::: DATA EXCERPTS
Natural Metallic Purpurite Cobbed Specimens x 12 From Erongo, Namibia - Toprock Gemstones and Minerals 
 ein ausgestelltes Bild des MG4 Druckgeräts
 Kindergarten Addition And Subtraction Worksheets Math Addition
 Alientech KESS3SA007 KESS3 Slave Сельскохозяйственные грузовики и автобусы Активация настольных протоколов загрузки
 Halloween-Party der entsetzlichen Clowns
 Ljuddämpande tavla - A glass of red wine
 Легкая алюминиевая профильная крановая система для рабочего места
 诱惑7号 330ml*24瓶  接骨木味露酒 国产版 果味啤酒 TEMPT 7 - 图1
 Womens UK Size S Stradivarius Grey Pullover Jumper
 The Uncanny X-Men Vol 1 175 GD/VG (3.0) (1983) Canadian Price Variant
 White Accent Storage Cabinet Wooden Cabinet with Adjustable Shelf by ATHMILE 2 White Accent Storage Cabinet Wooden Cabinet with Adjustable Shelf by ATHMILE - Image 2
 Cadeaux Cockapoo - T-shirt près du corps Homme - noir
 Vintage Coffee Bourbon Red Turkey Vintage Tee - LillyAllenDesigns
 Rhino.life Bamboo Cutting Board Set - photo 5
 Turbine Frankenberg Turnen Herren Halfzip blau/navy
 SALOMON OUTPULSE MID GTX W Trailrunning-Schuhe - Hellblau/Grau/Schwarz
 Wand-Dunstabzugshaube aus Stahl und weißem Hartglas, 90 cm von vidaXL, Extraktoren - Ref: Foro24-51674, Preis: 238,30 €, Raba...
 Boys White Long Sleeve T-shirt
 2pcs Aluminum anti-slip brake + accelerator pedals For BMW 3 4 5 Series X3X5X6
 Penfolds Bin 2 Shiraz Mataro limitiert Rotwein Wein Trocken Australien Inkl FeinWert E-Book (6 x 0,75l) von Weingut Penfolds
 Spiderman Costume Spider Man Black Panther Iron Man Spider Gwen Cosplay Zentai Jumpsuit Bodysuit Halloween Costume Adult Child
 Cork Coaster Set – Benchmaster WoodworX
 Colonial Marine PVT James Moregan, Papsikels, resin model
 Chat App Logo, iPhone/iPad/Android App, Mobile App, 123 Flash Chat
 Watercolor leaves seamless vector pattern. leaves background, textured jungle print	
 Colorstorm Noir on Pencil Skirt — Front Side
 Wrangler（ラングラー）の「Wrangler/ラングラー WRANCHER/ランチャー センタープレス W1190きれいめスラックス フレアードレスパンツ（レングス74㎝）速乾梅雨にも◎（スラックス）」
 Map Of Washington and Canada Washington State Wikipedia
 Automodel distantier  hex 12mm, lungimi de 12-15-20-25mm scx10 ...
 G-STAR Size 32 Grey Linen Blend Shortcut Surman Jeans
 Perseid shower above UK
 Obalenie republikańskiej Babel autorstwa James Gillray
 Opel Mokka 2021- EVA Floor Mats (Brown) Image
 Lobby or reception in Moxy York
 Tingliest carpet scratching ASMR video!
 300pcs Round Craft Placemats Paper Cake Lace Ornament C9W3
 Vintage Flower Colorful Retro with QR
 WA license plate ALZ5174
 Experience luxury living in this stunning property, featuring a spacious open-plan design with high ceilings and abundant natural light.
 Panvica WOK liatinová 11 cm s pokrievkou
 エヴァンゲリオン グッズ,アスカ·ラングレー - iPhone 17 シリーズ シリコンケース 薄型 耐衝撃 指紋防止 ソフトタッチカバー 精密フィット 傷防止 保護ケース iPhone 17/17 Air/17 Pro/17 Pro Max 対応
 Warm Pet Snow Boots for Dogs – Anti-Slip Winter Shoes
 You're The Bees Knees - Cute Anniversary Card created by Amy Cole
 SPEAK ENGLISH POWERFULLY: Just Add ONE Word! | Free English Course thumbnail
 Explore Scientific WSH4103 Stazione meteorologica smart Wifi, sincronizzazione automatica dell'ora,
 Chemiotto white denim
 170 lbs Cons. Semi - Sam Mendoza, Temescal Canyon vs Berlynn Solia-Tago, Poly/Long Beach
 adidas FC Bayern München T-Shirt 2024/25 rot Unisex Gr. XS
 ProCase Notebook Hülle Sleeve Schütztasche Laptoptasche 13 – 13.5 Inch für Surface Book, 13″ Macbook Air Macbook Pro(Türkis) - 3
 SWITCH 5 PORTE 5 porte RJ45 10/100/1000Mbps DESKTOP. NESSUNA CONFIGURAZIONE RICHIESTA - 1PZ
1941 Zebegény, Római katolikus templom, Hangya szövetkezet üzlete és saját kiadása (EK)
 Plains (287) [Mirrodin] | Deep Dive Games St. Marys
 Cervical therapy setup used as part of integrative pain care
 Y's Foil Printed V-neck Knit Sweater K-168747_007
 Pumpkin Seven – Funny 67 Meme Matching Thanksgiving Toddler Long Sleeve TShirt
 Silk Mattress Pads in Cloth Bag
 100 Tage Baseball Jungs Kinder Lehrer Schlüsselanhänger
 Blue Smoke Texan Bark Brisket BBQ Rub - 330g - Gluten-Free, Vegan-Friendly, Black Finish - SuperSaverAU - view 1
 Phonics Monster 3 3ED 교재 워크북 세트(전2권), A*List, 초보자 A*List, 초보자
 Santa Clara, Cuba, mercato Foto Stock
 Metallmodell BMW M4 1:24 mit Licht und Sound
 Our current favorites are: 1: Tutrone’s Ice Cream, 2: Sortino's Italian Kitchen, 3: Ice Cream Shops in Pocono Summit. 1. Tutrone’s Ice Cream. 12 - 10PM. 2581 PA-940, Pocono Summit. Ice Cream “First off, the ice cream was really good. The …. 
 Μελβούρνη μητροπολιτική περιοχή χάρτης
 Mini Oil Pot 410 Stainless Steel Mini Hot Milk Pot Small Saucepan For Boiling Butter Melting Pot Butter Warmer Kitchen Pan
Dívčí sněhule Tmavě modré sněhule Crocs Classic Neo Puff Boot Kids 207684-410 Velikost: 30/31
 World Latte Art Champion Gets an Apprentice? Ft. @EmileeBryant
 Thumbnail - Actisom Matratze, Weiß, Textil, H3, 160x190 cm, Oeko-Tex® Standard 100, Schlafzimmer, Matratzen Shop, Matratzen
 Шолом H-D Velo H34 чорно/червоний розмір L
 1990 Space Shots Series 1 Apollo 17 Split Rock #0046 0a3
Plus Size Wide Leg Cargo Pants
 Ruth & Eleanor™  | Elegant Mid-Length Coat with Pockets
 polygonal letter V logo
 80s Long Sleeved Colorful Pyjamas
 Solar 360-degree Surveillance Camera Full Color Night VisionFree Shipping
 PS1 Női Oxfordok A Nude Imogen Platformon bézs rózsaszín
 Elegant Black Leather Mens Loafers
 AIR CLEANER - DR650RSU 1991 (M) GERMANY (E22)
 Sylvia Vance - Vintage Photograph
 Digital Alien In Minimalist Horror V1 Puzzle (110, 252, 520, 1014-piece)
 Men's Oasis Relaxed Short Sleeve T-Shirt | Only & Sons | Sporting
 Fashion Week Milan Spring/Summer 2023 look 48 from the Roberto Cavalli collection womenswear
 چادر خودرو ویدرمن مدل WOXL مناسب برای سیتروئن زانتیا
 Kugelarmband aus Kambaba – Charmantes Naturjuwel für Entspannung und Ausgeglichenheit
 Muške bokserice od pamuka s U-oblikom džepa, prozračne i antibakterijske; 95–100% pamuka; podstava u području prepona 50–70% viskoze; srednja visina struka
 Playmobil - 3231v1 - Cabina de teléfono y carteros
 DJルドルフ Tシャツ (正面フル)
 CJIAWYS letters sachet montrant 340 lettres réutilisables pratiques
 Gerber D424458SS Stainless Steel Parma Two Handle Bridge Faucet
::::::
• [WORK TO COMPLETE]:
Working from the material above, restate word for word the lines between the line with "Pumpkin Seven –" and the line with "Blue Smoke Texan", both included, and only those.

• [EXERCISE SOLUTION]:
 Pumpkin Seven – Funny 67 Meme Matching Thanksgiving Toddler Long Sleeve TShirt
 Silk Mattress Pads in Cloth Bag
 100 Tage Baseball Jungs Kinder Lehrer Schlüsselanhänger
 Blue Smoke Texan Bark Brisket BBQ Rub - 330g - Gluten-Free, Vegan-Friendly, Black Finish - SuperSaverAU - view 1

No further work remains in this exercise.